Students continue their journey into the Senior School with the Global Skills programme and more opportunities for the curriculum to provide a window into this important skill. This culminates in an Intercultural Awareness Week, an event placed on the calendar last year, following a Student Leaders’ presentation to the College Leadership Team. The presentation itself certainly showed how passionately our Student Leaders feel about building connections through culture. The week aims to focus on intercultural aspects of our community, seeking to understand, explore and respect connections between cultures with a view to fostering a sense of belonging for all.
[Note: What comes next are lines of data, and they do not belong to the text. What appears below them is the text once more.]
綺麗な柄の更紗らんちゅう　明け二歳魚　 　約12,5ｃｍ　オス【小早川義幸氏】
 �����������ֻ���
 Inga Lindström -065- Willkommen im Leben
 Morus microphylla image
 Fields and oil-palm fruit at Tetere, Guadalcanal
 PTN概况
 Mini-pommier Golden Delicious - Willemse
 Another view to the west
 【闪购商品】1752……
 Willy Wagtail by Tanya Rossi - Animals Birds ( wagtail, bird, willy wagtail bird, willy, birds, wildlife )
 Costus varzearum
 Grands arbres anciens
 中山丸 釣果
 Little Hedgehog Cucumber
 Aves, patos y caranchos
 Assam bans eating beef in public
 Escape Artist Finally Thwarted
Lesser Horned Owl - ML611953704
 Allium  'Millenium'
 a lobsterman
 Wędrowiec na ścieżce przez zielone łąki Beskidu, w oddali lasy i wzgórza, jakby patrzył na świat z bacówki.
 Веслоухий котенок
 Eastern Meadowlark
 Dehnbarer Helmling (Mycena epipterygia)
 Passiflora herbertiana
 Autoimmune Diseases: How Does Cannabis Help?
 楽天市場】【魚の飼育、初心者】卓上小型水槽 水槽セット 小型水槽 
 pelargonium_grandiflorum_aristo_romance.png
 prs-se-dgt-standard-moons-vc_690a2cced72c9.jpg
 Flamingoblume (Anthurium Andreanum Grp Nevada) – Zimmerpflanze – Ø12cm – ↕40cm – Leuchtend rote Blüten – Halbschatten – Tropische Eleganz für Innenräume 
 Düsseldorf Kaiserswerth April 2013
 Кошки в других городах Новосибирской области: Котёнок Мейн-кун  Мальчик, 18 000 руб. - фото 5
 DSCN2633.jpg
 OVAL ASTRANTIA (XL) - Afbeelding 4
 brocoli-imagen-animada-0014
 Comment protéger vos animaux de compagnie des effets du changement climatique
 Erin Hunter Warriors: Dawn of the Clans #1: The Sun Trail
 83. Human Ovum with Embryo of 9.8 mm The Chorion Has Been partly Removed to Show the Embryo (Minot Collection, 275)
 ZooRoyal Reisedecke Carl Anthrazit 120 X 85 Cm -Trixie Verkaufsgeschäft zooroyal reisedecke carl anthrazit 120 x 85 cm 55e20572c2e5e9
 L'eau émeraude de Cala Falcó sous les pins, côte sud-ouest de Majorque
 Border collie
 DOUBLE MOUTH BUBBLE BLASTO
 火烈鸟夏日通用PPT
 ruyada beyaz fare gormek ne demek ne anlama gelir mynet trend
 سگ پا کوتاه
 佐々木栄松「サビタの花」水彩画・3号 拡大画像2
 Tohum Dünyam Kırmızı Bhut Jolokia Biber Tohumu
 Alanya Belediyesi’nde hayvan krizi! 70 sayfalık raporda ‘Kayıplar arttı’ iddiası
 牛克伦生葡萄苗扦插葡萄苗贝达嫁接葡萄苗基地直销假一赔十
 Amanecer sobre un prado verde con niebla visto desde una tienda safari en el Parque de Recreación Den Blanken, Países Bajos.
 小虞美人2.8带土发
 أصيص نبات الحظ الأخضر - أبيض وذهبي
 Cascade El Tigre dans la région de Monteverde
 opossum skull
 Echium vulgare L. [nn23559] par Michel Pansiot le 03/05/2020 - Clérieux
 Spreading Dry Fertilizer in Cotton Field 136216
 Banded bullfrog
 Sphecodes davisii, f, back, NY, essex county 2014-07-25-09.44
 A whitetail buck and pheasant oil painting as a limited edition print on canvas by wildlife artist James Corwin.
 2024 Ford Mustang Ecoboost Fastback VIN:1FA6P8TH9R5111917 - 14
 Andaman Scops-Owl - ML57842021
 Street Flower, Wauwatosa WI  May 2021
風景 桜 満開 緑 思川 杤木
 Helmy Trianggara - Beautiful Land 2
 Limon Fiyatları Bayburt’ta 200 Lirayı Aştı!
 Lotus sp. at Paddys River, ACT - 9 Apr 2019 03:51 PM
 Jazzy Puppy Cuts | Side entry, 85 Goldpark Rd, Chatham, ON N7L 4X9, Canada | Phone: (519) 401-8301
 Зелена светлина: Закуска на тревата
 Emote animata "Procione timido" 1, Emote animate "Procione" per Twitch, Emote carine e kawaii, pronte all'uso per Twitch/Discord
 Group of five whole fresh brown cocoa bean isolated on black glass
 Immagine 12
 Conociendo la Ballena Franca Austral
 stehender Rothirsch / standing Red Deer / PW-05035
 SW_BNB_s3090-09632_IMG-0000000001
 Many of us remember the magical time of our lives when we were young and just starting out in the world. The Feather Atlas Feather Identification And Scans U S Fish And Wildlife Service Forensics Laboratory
Students organise the events for the week, and it is explored in lessons simultaneously with the languages department leading the way!
The International Baccalaureate programmes themselves, which represent the culmination of this journey, contain both opportunities to deeply examine elements of intercultural understanding, assessment criteria, and academic success have elements of this skill, particularly elements of the core like the Extended Essay and Theory of Knowledge.
The development of intercultural understanding is central to the International Baccalaureate Career Programme, which contains the Personal and Professional Skills Course as part of its core. Within this central part of the programme, intercultural understanding is examined in various contexts, including its significance in workplaces, as inspired by Erin Meyer's "The Culture Map". The specialist parts of the programme also provide opportunities; for example, our sports pathway students ponder upon the impact of cultural understanding on areas like team dynamics in sports, or the performing arts students discuss an audience's response to a piece of art through this lens.
We are also committed to bringing intercultural experiences to our wider community. Our Friends of Dulwich Nationality Groups also actively contribute to memorable moments and learning for our parents and staff.
Through initiatives to celebrate local and international festivals and cultural observance days on campus, they have helped foster understanding and appreciation of diverse cultures, enriching our collective cultural tapestry. For instance, on World Batik Day, we will have batik artists holding workshops that let our students and parents have a hand in creating their own batik, during Thailand’s Songkran (Thai New Year), we had a live Thai dance and Muay Thai boxing, and during Lunar New Year, our students and parents were treated to a traditional Chinese dance showcase.
Our commitment to developing this understanding includes celebrations, but it goes well beyond this. It's about embedding the richness of every culture in the learning fabric of our school. Together, let's foster a community that not only understands but truly respects and values the beautiful diversity that is our world.